As generally happens when staying at Base Camp nights become better and sleep easier and it’s great that there isn’t a sign of a headache or any adverse reactions to altitude amongst the group.

That, however, is possibly all about to change as we ready ourselves for our first foray to Camp 1 (and hopefully on to Camp 2) tomorrow. All being well we’ll have 3 or 4 nights on the hill before returning to Base Camp for a few days’ rest.

Hopefully the luck we were all bestowed with at yesterday’s Base Camp puja will see us well and the snow will have settled down. There have been the inevitable avalanches pouring down the usual faces and gullies following on from the snow fall we’ve had but the icefall is, by all accounts, in good condition beyond where we recce’d to the other day. Next time we’re there we’ll be carrying a reasonable load so it will make for fairly slow progress me thinks.

I’ll keep you posted when we get back down.

Cheers – Tim & Co

Arriving at Everest Base Camp

We’ve arrived at Gorak Shep in fine fettle.

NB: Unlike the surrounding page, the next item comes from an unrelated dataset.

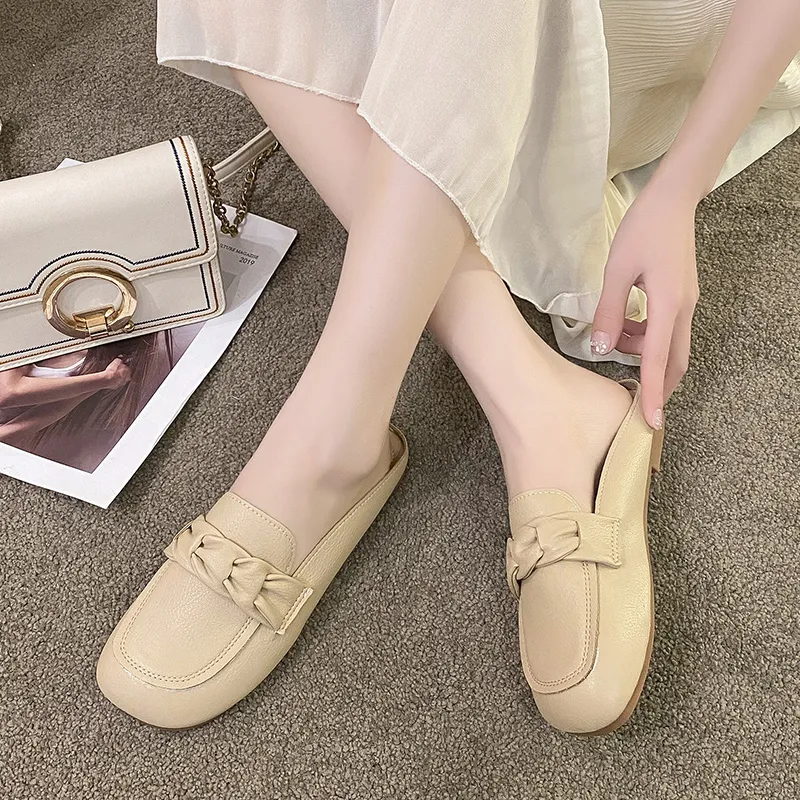 Puppytown Rubber Sole Abrasion Resistant Slip Resistant Wrap toe Slippers Women's-1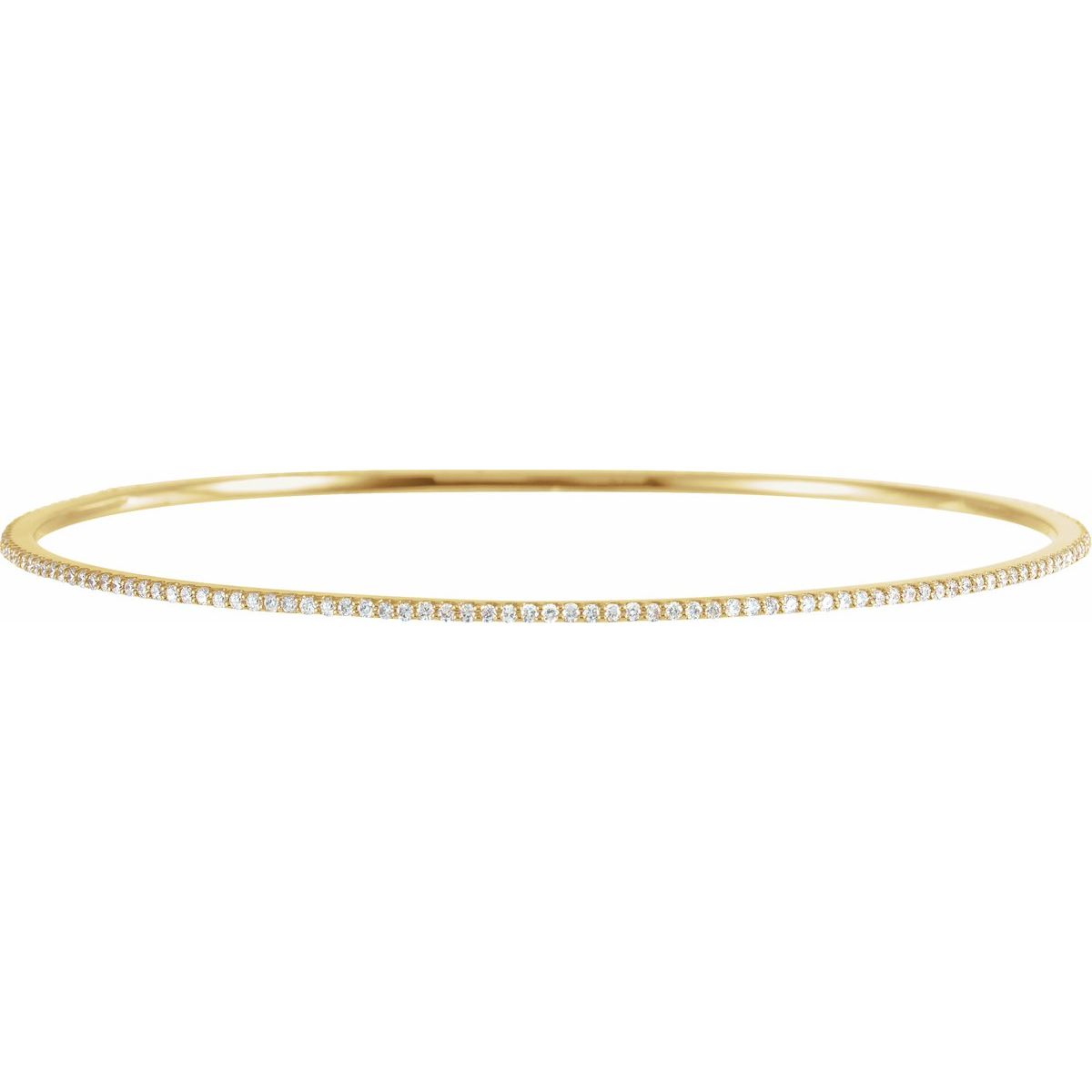 Accented Bangle Bracelet - Series 67337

There’s a lot of people on the trail and it suddenly feels quite busy (and impersonal).

The fact that we are all well, acclimatised and having a super great time completely justifies the leisurely 3 week trekking schedule.

The past few days have seen us sleeping higher than Everest Base Camp, we made a mass ascent of Pokalde (5,800m), crossed the Kongma La and descended to Lobuche.

We awoke to a snowy trail and cloudy skies but the trek here was super easy – especially compared to the hoards of trekkers who are having difficulty along the trail. They all seem to be having a great time, and I hope that they’re enjoying the highlight of their trip, but I am sooo glad that my group are in much better shape both physically and mentally.

We’re just having some lunch at Gorak Shep, the last ‘village’ on the trail, and then we’ll be mooching the last hour and a half to EBC where we’ll be settling in to ‘home’ for the next 3 to 5 weeks.

We’re destined for a complete rest day tomorrow where we’ll be unpacking all the freight and baggage that we’ve been separated from since departing KTM. I imagine the shower tent will receive some use as well as bowls of hot water for doing some laundry. On the 22nd we’ll go and have a look see in the lower stretches of The Khumbu Icefall where I’ll acquaint the group with how to negotiate the ropes and ladders. After that we are having a Base Camp puja (blessing) on the 23rd and then we’re aiming to be sleeping at Camp 1 (and Camp 2) on the 24th onwards for 3 or 4 nights.

So this is the end of the (easy) fun trekking phase and the start of the transition to the more serious (but fun) expedition phase.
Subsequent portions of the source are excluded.